The experience of being in Minnesota during this time has felt surreal. I’ve felt powerless. I’ve wanted to protest and show my support, but the safety of my family has been a priority. Instead I’ve started signing petitions, posted on social media, engaged in conversation, and read about racism, white privilege, the history of policing in the United States, and, most importantly, the daily life experiences of black people.

This last month has been insightful, uncomfortable, educational, and eye-opening. I’ve had thought provoking conversations with colleagues, friends, and family. I’ve listened. I’ve learned. I’ve spoken to my friends of various backgrounds and learned more about how much their lives are affected by white privilege on a daily basis. I’ve reached out to police officers to share that I am interested in learning more about their training and to continue to build positive relationships with them in the Beth El and Bethesda community. My hope is that the uncomfortable and emotional yet productive conversations I have had over the last month (and plan to continue well into the future) encourage people to lean into this moment , to speak up, to grow, and to vote. I can no longer stand idly by.

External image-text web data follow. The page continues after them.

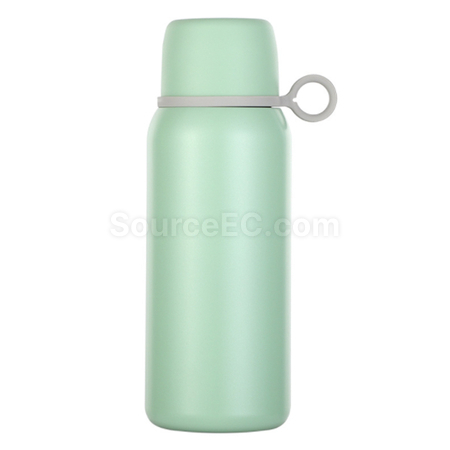Customization Thermos Cup Promotional Products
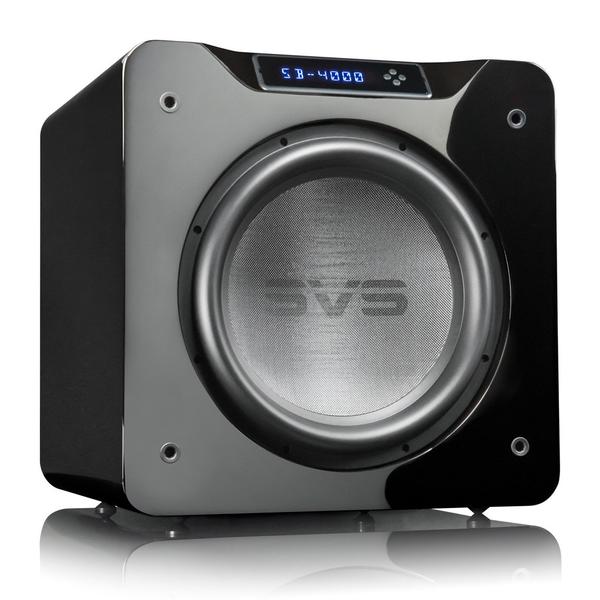 svs-sb-4000-subwoofer-piano-gloss-outlet-5164 image 1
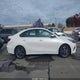 3KPF24AD0RE786254 2024 Kia Forte Lxs auction photo thumbnail 14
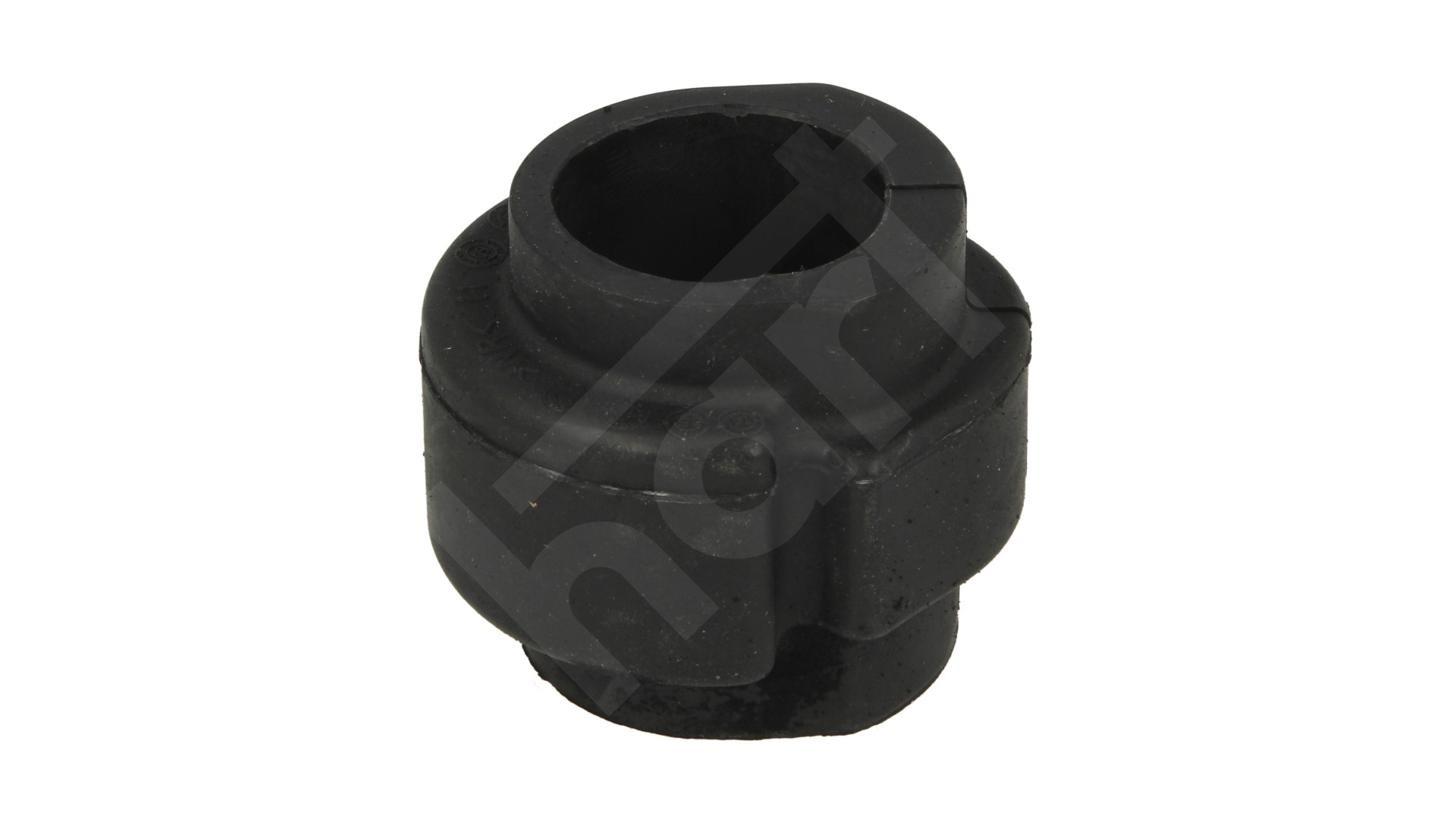 430 313_B GUMA STABIL./P/AUDI A4,A6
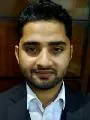 One of the best Advocates & Lawyers in Allahabad - Advocate Shadab Alam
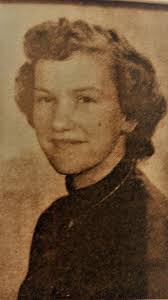 Dorothy Kenyon Obituary and Online Memorial (2016)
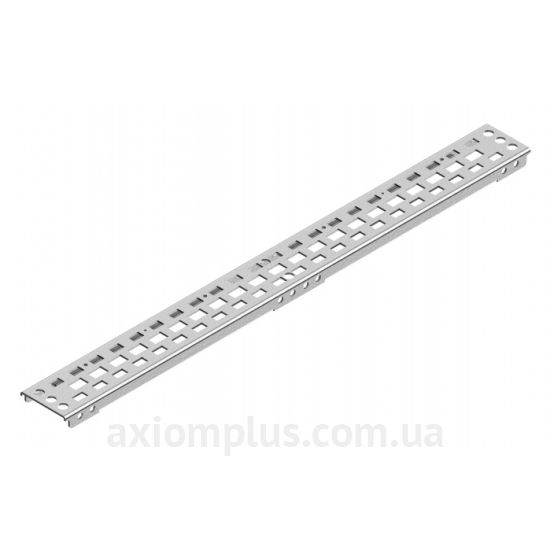 Изображение ETI GSX WD-K 12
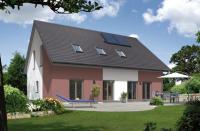 Haus kaufen Lage klein ba9b3pvhn8cm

As a Jewish educator, I spend much of my time discussing and contemplating Jewish values with teenagers. B’tzelem Elohim, or the value that all humans are created in the image of God, is a concept that I don’t often speak about with teens. The murder of George Floyd (and other unarmed black people over the years) has provided me with the realization that not everyone in this country values black people as being created in the image of God; rather there is still a notion held by many that black people are of lesser value to society and are not worthy of the same dignity and respect given to people who are caucasian.  Moving forward, it will be my responsibility to share, discuss, and challenge this idea with teenagers at Beth El.

I love Minneapolis. Prince, also from my hometown, founded his band The Revolution here. Hopefully a revolutionary awakening has finally started here as well.